9. How the Grinch Stole Christmas (Live Action)
This movie isn’t all that bad. If Jim Carrey had not played the part of the Grinch, it would have been a complete bomb. The only problem that cripples the film is it overcomplicates Dr. Seuss’ original story. Finding out the Grinch’s back story as to why he hates Christmas so much and the idea of Holiday Cheermiester were just unnecessary.
8. Black Xmas
This horror remake about a killer who slaughters sorority girls on Christmas was absolutely terrible. The killer’s back story was pretty cool, but the fact that he was obsessed with eyeballs was a little odd and grotesque. Every kill incorporated the eyes being removed from the head and sometimes even consumed by the madman. It seemed to never want to end either; not until every dumb sorority girl was killed and de-eyeballed.
7. The Santa Clause 3
Unlike the first two of the series, The Santa Clause 3 lacks in so many areas. Plain and simple, it’s just boring. The basic storyline is Santa trying to make his in-laws think he lives and works in Canada as a toymaker. The only interesting part is when Jack Frost, played by Martin Short, tricks Santa into giving up his role as Father Christmas. They are sent back to the first film when Scott Calvin kills Santa. The only problem is, this part is a mere 30 minutes at the end. The rest of the movie was wasted with the boring in-laws at the North Pole.

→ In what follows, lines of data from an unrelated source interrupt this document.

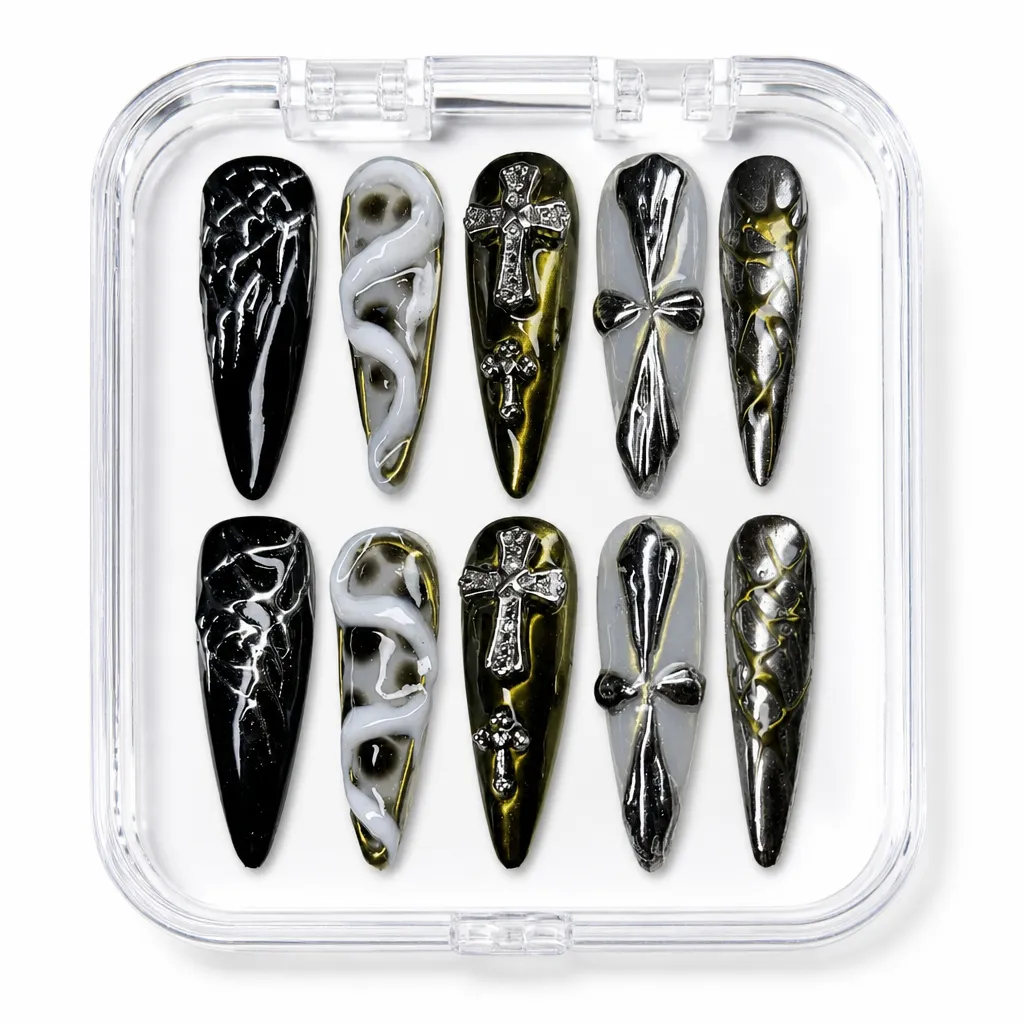 Black Chrome Cross – Xưởng gia công Nailbox Sỉ thủ công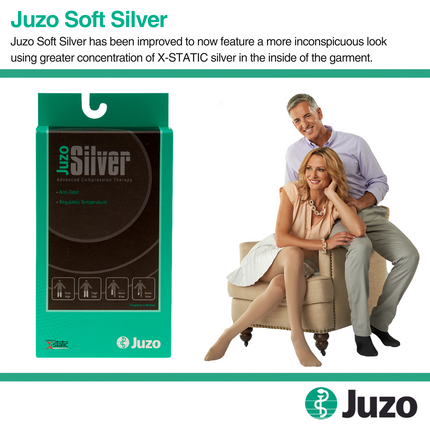 Juzo Soft Silver Compression Stockings, 20-30 mmHg, Microdot Silicone Band, Knee High, Open Toe - HV Supply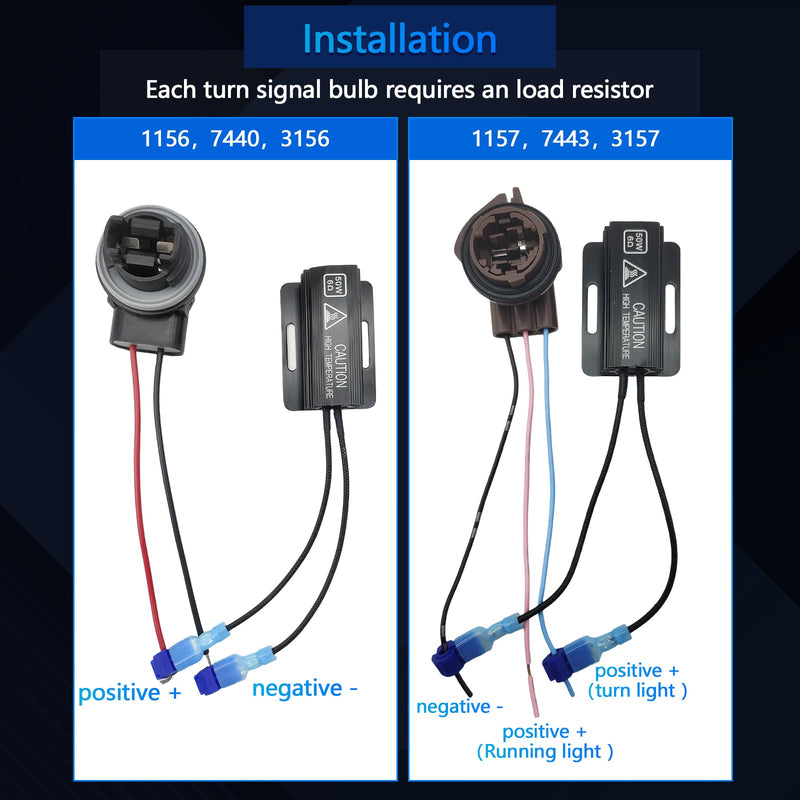 2PCS Led Resistor Car Load Resistors 50W 6ohm Load Resistors - Fix LED Bulb Fast Hyper Flash Turn Signal Blink Error Code(Resistor gets very hot during working)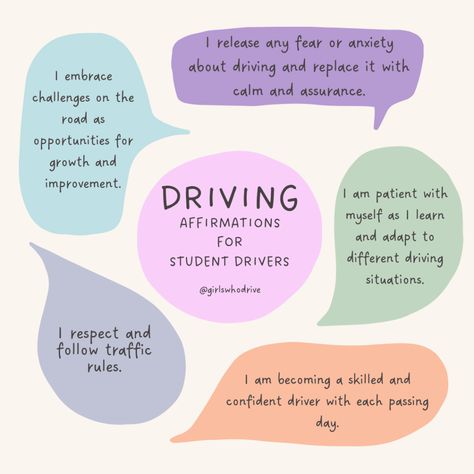 Driving Affirmations, Best Self Journal, Driving Theory, Drivers Test, Become More Confident, Student Driver, Healing Journaling, Self Care Bullet Journal, Learning To Drive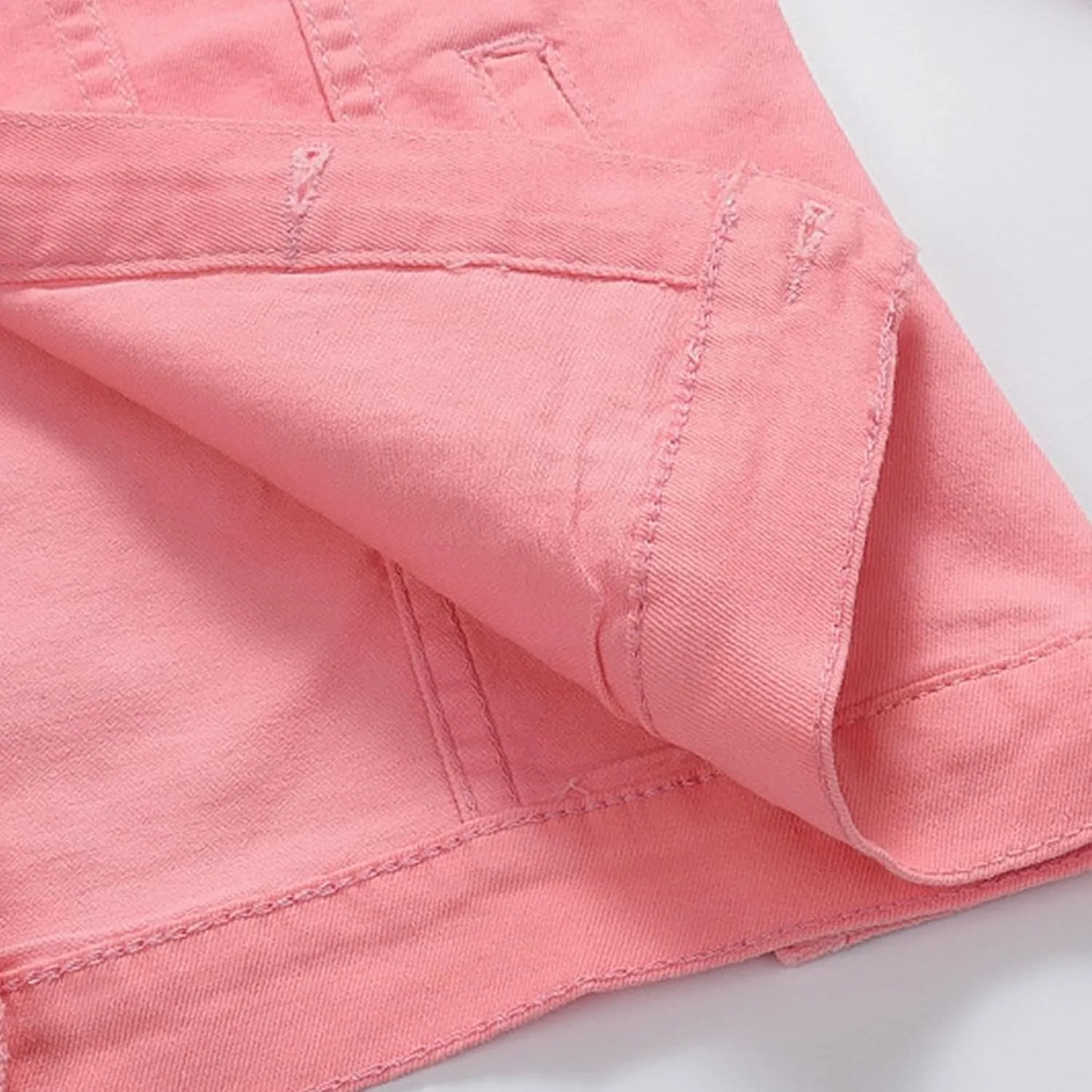 Мужская модная куртка-джинсовка в стиле Trucker Slim Fit, мотоциклетное джинсовое пальто, классическая джинсовая куртка для мужчин Generic, розовый — фото 3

6. The Nightmare Before Christmas
This movie is spectacularly made. The time and effort that went into this project is utterly impressive. Too bad the plot doesn’t share the same spectacular creativity. Jack Skellington is bored with scaring and wants something new. He stumbles upon Christmastown and unintentionally almost ruins Christmas by kidnapping Santa. The randomness, including the love story between Jack and Sally, weakens the film, as does the mediocre soundtrack. For some reason, this movie has become extremely popular in the past few years. Congrats, Tim Burton, but not one of your best movies.
5. Christmas with the Kranks
This movie was just plain not funny. Not only that, but the fact that everyone was angry at the Kranks for deciding to skip Christmas because their daughter had moved to South America to join the Peace Corps was just creepy. Who cares? Mind your own business.
4. The Little Drummer Boy
Nothing against the story of The Little Drummer Boy; it is a nice tale of the true meaning of Christmas, but making a movie out a Christmas song is pushing it. Granted, there are good movies made from Rudolph and Frosty, but they are child friendly. The Little Drummer Boy is just plain boring. They tried creating a back story and giving the boy a personality, but for its time, it is not the best stop-motion animated picture.

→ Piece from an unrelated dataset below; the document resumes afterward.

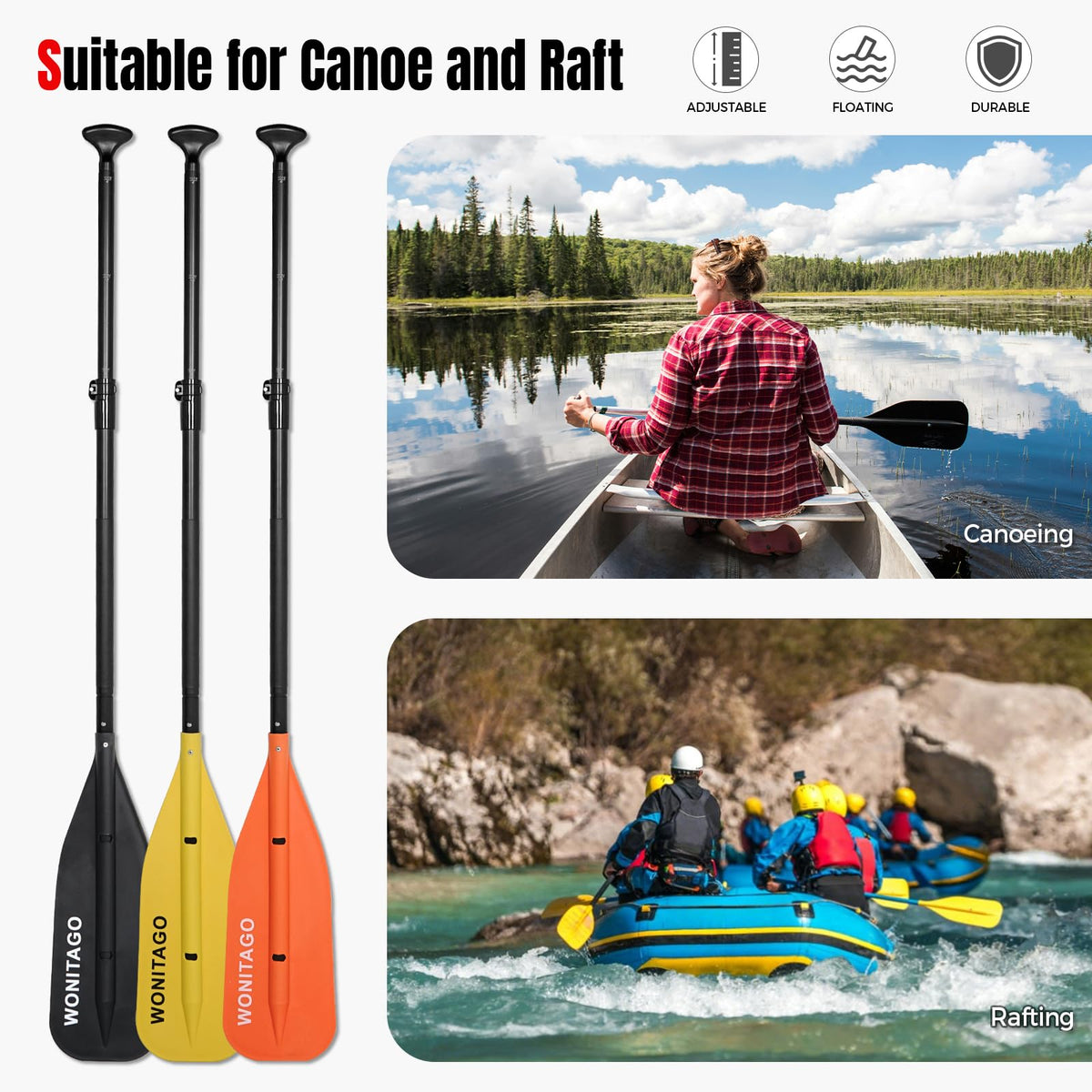 WONITAGO Canoe Paddle - 5 FT, Adjustable, Collapsible - product view 5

3. The 12 Dogs of Christmas
The acting in this movie is terrible, almost as terrible as the plot. Some younger kids may be able to look beyond the obvious lack of effort in The 12 Dogs of Christmas, but without the numerous K9 appearances, the long dragging plot is enough to bore anybody.

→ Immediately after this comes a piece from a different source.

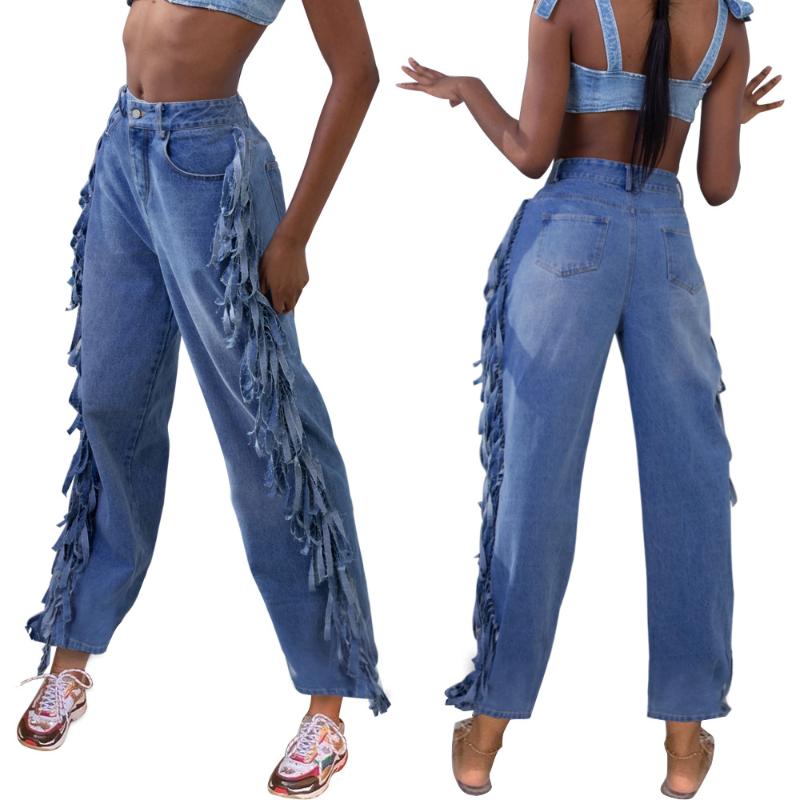 

ladies Loose washed tassel denim nightclub pants long plus size jeans for women, Blue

2. A Christmas Carol: The Musical
It’s not just the fact that this adaptation of Charles Dickins’ classic story is a musical that makes it so terrible. This movie stars TV’s Kelsey Grammer (Frasier) as Scrooge and Jason Alexander (George Costanza from Seinfeld) as Jacob Marley. Nothing against musicals; musicals are simply movies with a few musical numbers thrown in, A Christmas Carol: The Musical was one enormous song with a little movie thrown in. This film was practically one entire song, no differentiation and barely any transition from one to the next, and most of the dialogue was awkward rhythmic verse.
1. Home Alone 3 & 4
Now obviously the biggest gripe over Home Alone 3 is there was no correlation to the previous two films whatsoever. A new kid went against new burglars at Christmas time. Many of the stunts were more ridiculous than before (if that is even possible), but that’s about as far as that movie goes to make this list. Home Alone 4, however, is another story. This abomination tried to connect with the first films, unlike the third, but failed miserably. None of the actors from any of the other films returned (no surprise there), but here’s the plot: Kevin’s parents are getting a divorce! What?! Not only this, but Marv is back and played by French Stewart from 3rd Rock From the Sun. Kevin is younger in this one than he was in Home Alone 2 and so is his older brother Buzz who goes from a teenager in HA2 to a young kid in HA4. Also, all Kevin’s siblings have narrowed down to only two: Buzz and Megan. None of the returning characters act like they were portrayed in the original films. The filming is terrible along with the mediocre soundtrack. The budget for this film must have been non-existent, same goes for the creativity that went into the script.